Pero no es éste el protagonista a quien se refería el licenciado Díaz Ordaz, sino el otro: el afortunado que, mediante una cuota simbólica (doscientos pesos anuales en el Distrito Federal), tiene acceso al campus universitario. ¿Qué encuentra allí que empieza a comportarse como si hubiera caído en una trampa? ¿Un rigor excesivo en los planes de estudio? ¿Una severidad inhumana en sus mentores? ¿Una imposibilidad de estar representado y de hacer pesar su opinión en los asuntos que conciernen a la comunidad?

Todo lo contrario. El estudiante entra, de golpe, en un clima de privilegio que lo trastorna. Entre la infinita multiplicidad de materias que están a su alcance, hay algunas básicas y que por lo mismo son obligatorias. Pero en las otras puede ejercer su elección no únicamente de un modo libre sino caprichoso.

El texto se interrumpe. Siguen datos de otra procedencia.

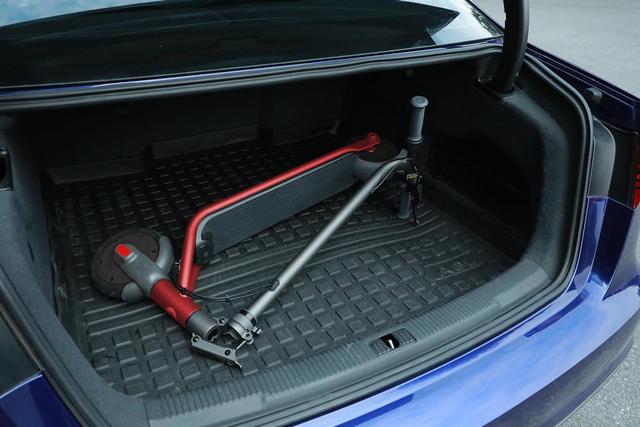 Segway Ninebot eKickScooter Zing C15E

Nos se le obliga a escuchar la cátedra de un maestro determinado, sino que escoge aquel que mejor se aviene con su temperamento, con sus horas libres, con su ideología y hasta con su sentido de lo que es la disciplina. Disfruta de un margen, más o menos flexible según las circunstancias, para ausentarse de los salones de clase sin que sus faltas lo perjudiquen. Cuando son muy considerables el examen final tiene un carácter ligeramente más estricto que el de los exámenes ordinarios. Y si quiere aplazarlo hasta el año siguiente puede hacerlo y si se le da la gana presentarse “a título de suficiencia” nadie se lo impide.

Se da el caso de que un alumno se arrepiente de la carrera que ha elegido. Ése es un error fácilmente remediable. ¡Basta con que cumpla con algunos trámites burocráticos y ya lo tenemos estrenando facultad o escuela! Se da el caso de que el alumno requiere un plazo indeterminado de tiempo para recibirse. Pues bien, se le respeta ese plazo.

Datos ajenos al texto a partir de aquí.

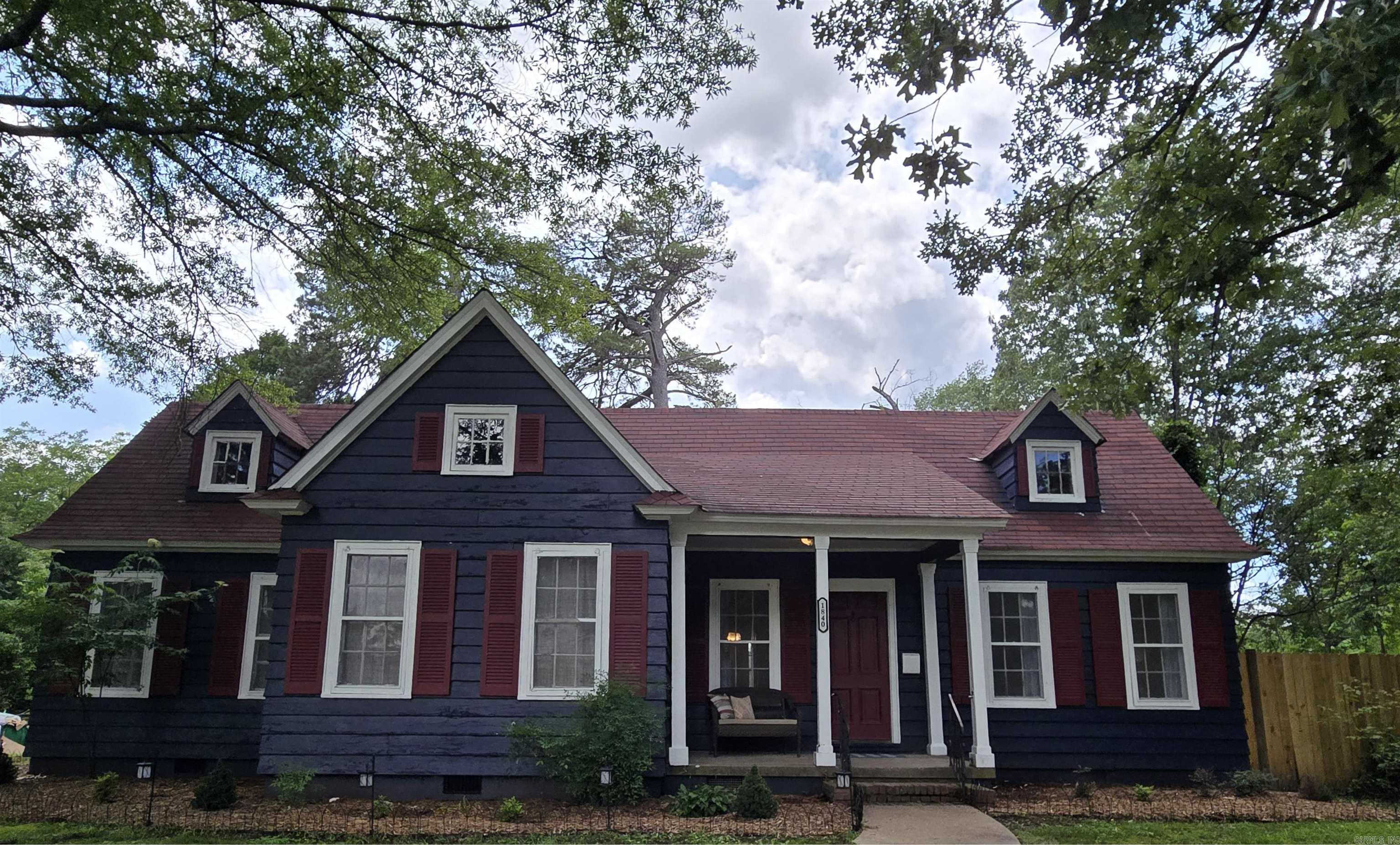 1840 S Oak  Pine Bluff, AR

Por otra parte el alumno es un elemento muy vivo y muy activo dentro de la organización universitaria. Forma sociedades y federaciones, representa a sus compañeros en los consejos técnicos de las facultades y escuelas y en el consejo universitario y su fuerza política es tan indiscutible que más vale no citar ejemplos demasiado recientes, demasiado vergonzosos del mal empleo que, en ocasiones, le da.

Se le estimula para que se agrupe en torno del teatro, del cine, de la música, de la pintura, del ajedrez. Se le abren las puertas de las bibliotecas, de las salas de conferencia. Se le facilitan viajes de perfeccionamiento al extranjero.

¿Es suficiente? Según el excluido de tantas ventajas no sólo es suficiente sino que es insultante. Según el favorecido con ellas no es bastante. Exige (con la impunidad que da el montón) que el inerme chofer de autobús cambie su ruta según las indicaciones que se le van dando, haga servicio gratuito o se atenga a las consecuencias. Con cualquier pretexto secuestra camiones destinados al público general; asalta y despoja transportes de refrescos; se ensaña en pugnas callejeras con bandas rivales, rompiendo vidrios y lesionando transeúntes.

¿Es lícito, es lógico, esperar de este estudiante ensoberbecido un profesionista consciente y responsable? ¿Un hombre dispuesto a corresponder con aptitud, con honradez, con sentido de solidaridad los muchos dones con que fue colmado? ¿No se nos representa, con mayor inmediatez, la imagen de un ave de rapiña que ha sido cebada, adiestrada para que sus presas sean más abundantes y carezcan de defensa?

Es difícil el equilibrio entre la benevolencia y el rigor, pero es indispensable. Si quienes han de encontrarlo fracasan en su empeño no será una manta la que se levante a reclamarlo, será una multitud enardecida contra los abusos de una casta parasitaria que medra sobre la pasividad de los otros, de los verdaderos estudiantes que son la inmensa mayoría.


Excélsior, 3 de septiembre de 1966, pp.6A, 8A.